# weather up date



## H2H1 (Mar 8, 2008)

Ok who sent the snow, it 32 now and was snowing this morning, but it want stick:laugh: last weekend it was 70 now it's 35. And I thought we was having an eary spring oh well it will warm back up in the up coming weeks


----------



## Steve H (Mar 8, 2008)

RE: weather up date

Blame it on Al Gore!


----------



## utmtman (Mar 8, 2008)

Re: weather up date

I second that motion Steve.  LOL, I was in Georgia once in the 70's and it snowed, everyone parked their cars right where they were sitting.  Good grief and it was cleared and melted an hour later.  Heck back home here we dont even slow down until its a foot deep.  Snicker snicker


----------



## DL Rupper (Mar 8, 2008)

Re: weather up date

We had fun at the Savannah, Ga Wal-Mart yesterday.  The alarm went off and then they announced a Tornado warning.  The tornado was over Skidaway Island.  3 days before we checked out site vacancies at the Skidaway Island State Park.  Glad they didn't have any for the next 2 mos.  That might have been dicey.

My kids are at 18 inches of snow in Ohio.  Gee this Global Warming sure is fun.  This has been the coldest winter (GLOBAL) on record in the last 100 years.


----------



## Guest (Mar 8, 2008)

Re: weather up date

see Hollis that's what u get for kidding me about working in freezing temps  :laugh: ,, hey u know i'm just kidding ,, we got 3 inches here ,, but it was gone buy sunset ,,, but MAN is it cold now ,, clear sky's and only a whopping 19 degrees ,, better get out the sun screen  :bleh:  :laugh:  :laugh:    :evil:


----------



## DARLING (Mar 11, 2008)

Re: weather up date

Its GLOBAL WARMING, don't you know.   WE get cold before we get hot.  or something like that  
Darlin


----------



## krautdog (Mar 11, 2008)

RE: weather up date

We got a good 18", not to mention the drifts, here in the suburbs of Cleveland over the weekend.

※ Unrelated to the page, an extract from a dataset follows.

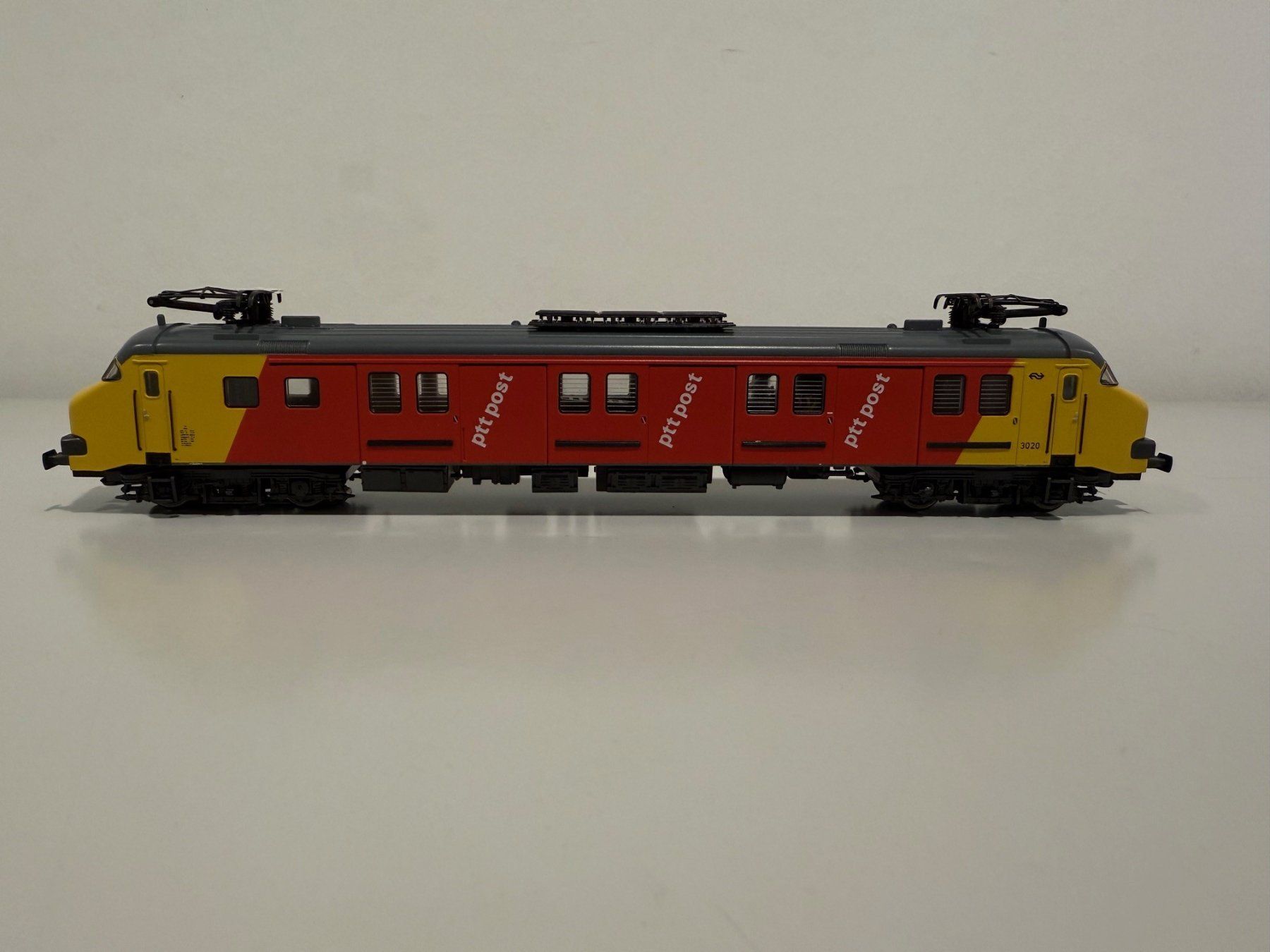 Märklin Modelleisenbahnen: Elektro-Triebwagen Serie mP 3000 der NS – Neu (gemäss Beschreibung) aus Oftringen von Pgi 1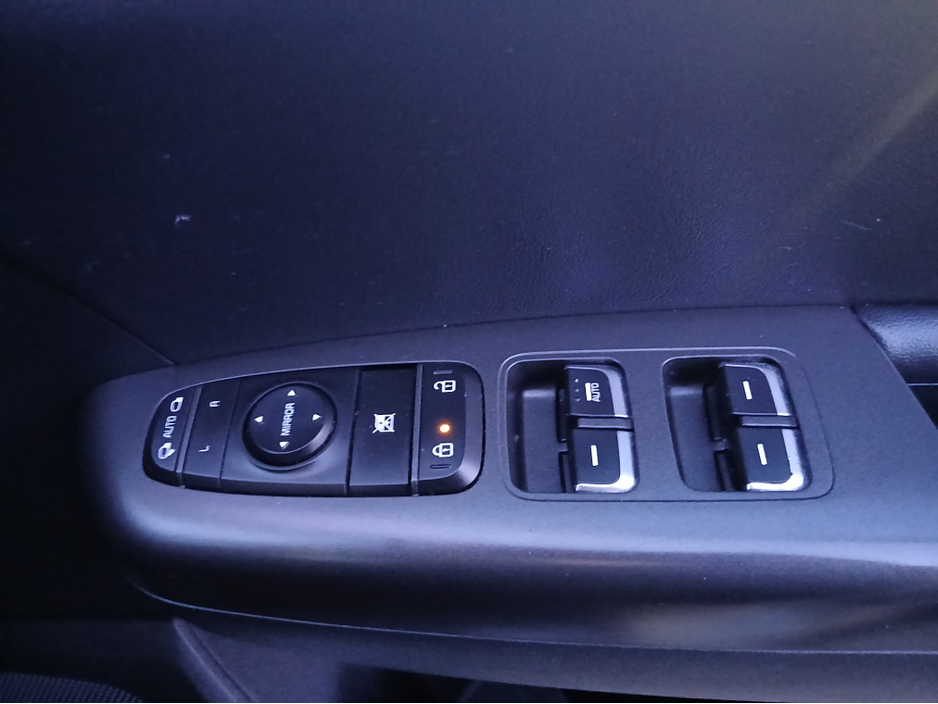 2017 Kia Sportage - image 14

The snow is piled so high, my driveway looks like the grand canyon. On Saturday morning, my wife was online looking for jobs in Houston for me! Our campsite opens on April 15th and I'm counting down the days.


----------



## H2H1 (Mar 11, 2008)

Re: weather up date

well it in the high 60 today and suppose to be in the 70 this weekend. I don't blame you for wanting to get HOUSTON to get away from all that snow, anyway best of luck on your job hunting.


----------



## C Nash (Mar 11, 2008)

Re: weather up date

75, sun shining no rain slight wind no tornados here in Alabama,  WOOPS another senior moment I'm in New Mexico and in the desert :laugh:  :bleh:


----------



## PattieAM (Mar 12, 2008)

Re: weather up date

Southern Maryland is enjoying a wee bit of spring after some nasty rain/wind over the weekend.  However, while our saturated soil may dry out somewhat with the 'gusty winds' they are predicting for today, we most likely will enjoy additional tree falls and scattered power outages.  Tiger lilies have broken ground and are up 2", daffodils are blooming on my sunnier side of the house, and I think I see my tulips breaking ground.  Can unplug the heat tape this week and feel safe.  Looking forward to reduced electric bills!


----------



## DL Rupper (Mar 16, 2008)

Re: weather up date

I'll give you an update.  Hail, big Hail in Georgia last night.


----------



## H2H1 (Mar 16, 2008)

Re: weather up date

u r right DL they had a TORNADO in downtown Atlanta and in Polk county .100 miles south all we had was wind no damage. DL sorry to hear about your Dodge. now you can say you really caught HAIL in GA. :laugh:  :laugh:


----------



## DL Rupper (Mar 16, 2008)

Re: weather up date

Dang Rod, you always have a reply (caught hail).  We are OK.  Poor Dodge.  My love affair with The Big Bad Dodge is on the skids.  Nasty stuff that hail.  Found 2 vent lids broken, refrigerator cap/lid on roof dented, and sewer hose severed by hail.  Other than that the RV seems to have survived.


----------



## DARLING (Mar 16, 2008)

Re: weather up date

DL
Sorry to hear about about your damage.  Was praying for everyone in the path of that storm.  We have family in FT Stewart near Savanah. They had lost of wind also but no damage. 
Darlin in sunny Fla


----------



## DL Rupper (Mar 16, 2008)

Re: weather up date

Seems like the storms have been after me.  When I was in sunny Fla last month and in Jan we had big bad storms zipping on by.  We were under tornado watchs every other week.


----------



## H2H1 (Mar 16, 2008)

Re: weather up date

hey DL  that was me Hollis (H2H1). I live 100 miles from Atlanta.


----------



## Guest (Mar 16, 2008)

Re: weather up date

well glad u ended up ok DL ,, if i may ask ,, how bad is the truck ,, since the rv stuff was minimall ,, but agian it could have been alot worse ,, u know we look after each other on here ,, but u already new that ,,, i bet Ken can get u some good prices on rv stuff ,, u know ,, and that's not a puch line either ,, i'm serious ,, but keep us updated ,,,
  :approve:  :approve:  :approve:


----------



## DL Rupper (Mar 16, 2008)

Re: weather up date

Sorry Hollis, that was funny.  Your text/abbreviations and Rod's are similar.  I'm not concentrating right now as much as I should.   I'm over in the Milledgeville area.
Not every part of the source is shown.